Images excluded, return every record exactly as it reads.

(Short web captions)
►

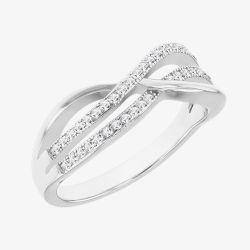 Silver Cubic Zirconia Double Crossover Ring 8.84.8809
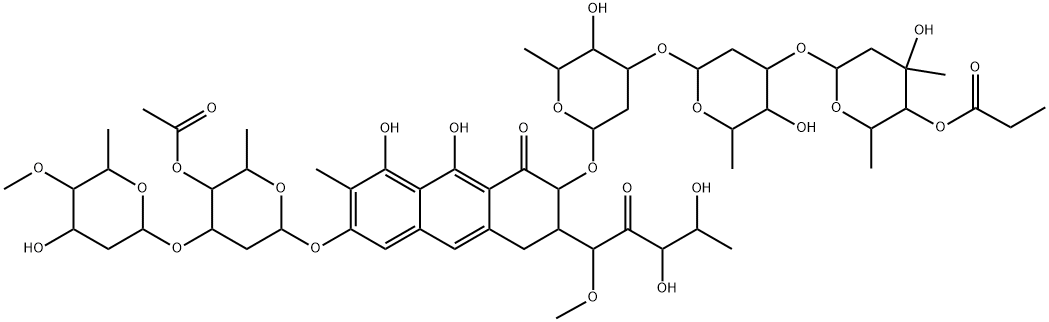 3'''-O-[3-C-Methyl-4-O-(1-oxopropyl)-2,6-dideoxy-α-L-arabino-hexopyranosyl]-7-methylolivomycin D|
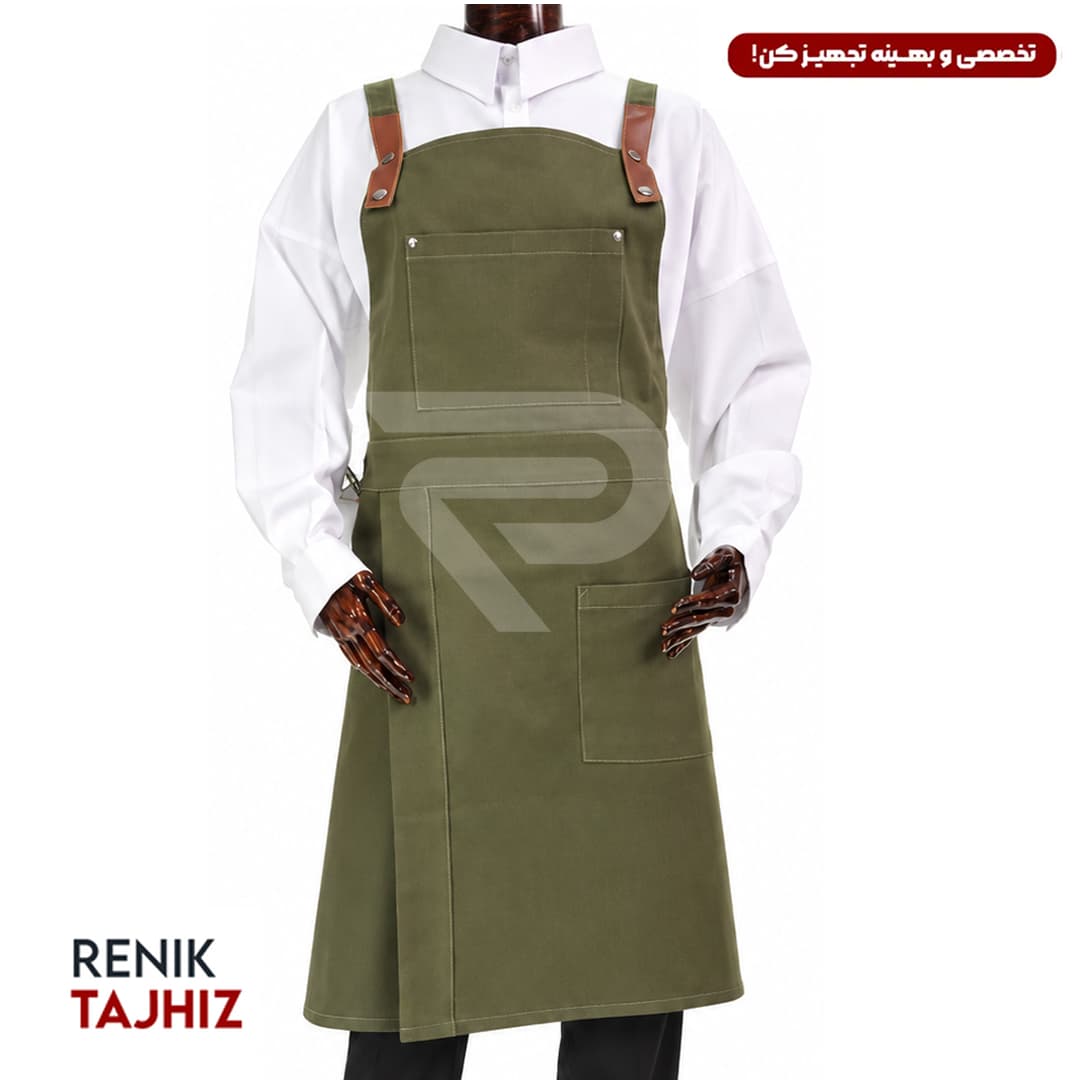 اپرون باریستا مدل MOKA کتان سبز RENIK — تصویر ۳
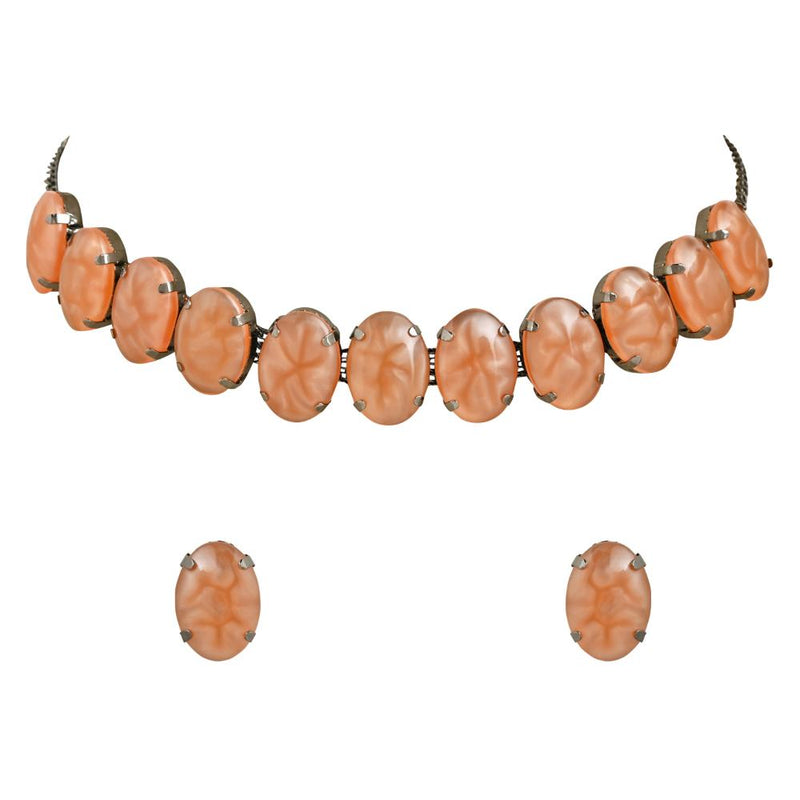 Etnico Glamorous Fashionable Eye-Catching Peach Beaded Choker and Earrings Set For Women/Girls (ML318Pe)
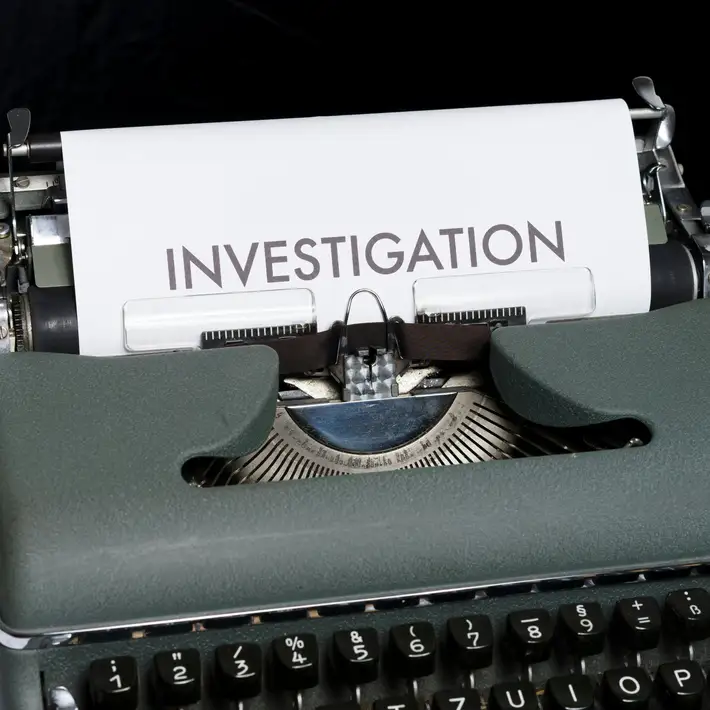 Investigation written on a type writer
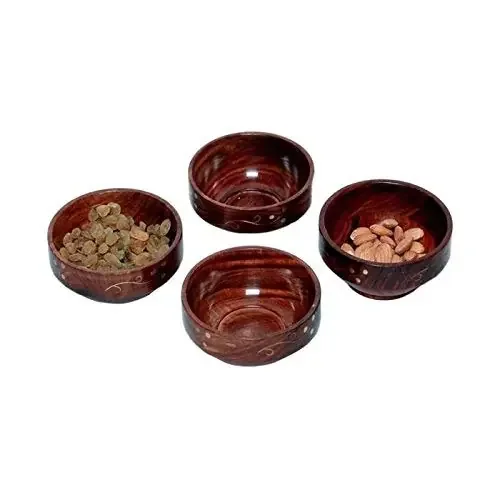 Wooden Handdmade with Brass Work Bowl Set of 4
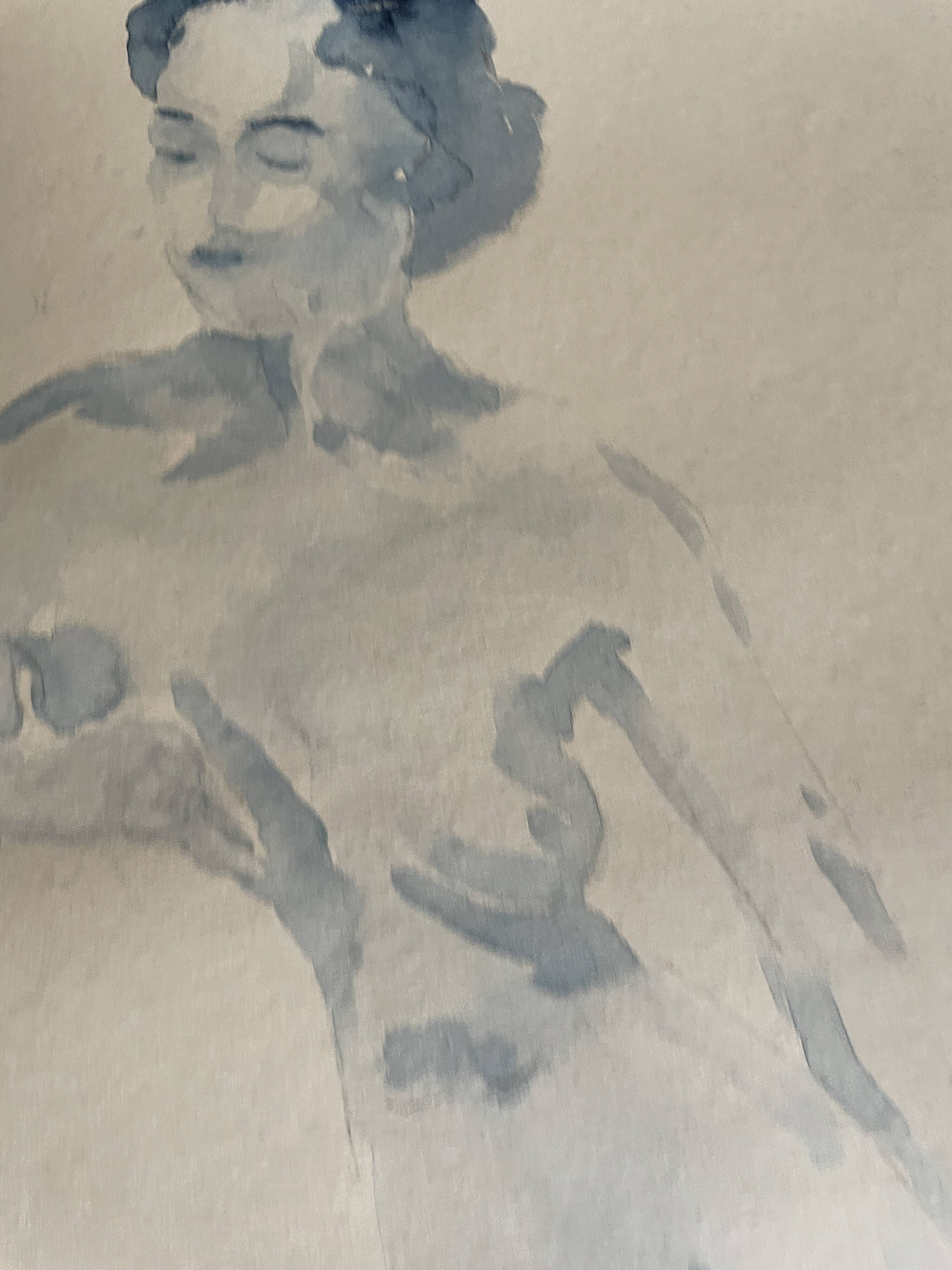 Painting signed monochrome blue black watercolor “seated woman”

◄

Exercise result
 Silver Cubic Zirconia Double Crossover Ring 8.84.8809
 3'''-O-[3-C-Methyl-4-O-(1-oxopropyl)-2,6-dideoxy-α-L-arabino-hexopyranosyl]-7-methylolivomycin D|
 اپرون باریستا مدل MOKA کتان سبز RENIK — تصویر ۳
 Etnico Glamorous Fashionable Eye-Catching Peach Beaded Choker and Earrings Set For Women/Girls (ML318Pe)
 Investigation written on a type writer
 Wooden Handdmade with Brass Work Bowl Set of 4
 Painting signed monochrome blue black watercolor “seated woman”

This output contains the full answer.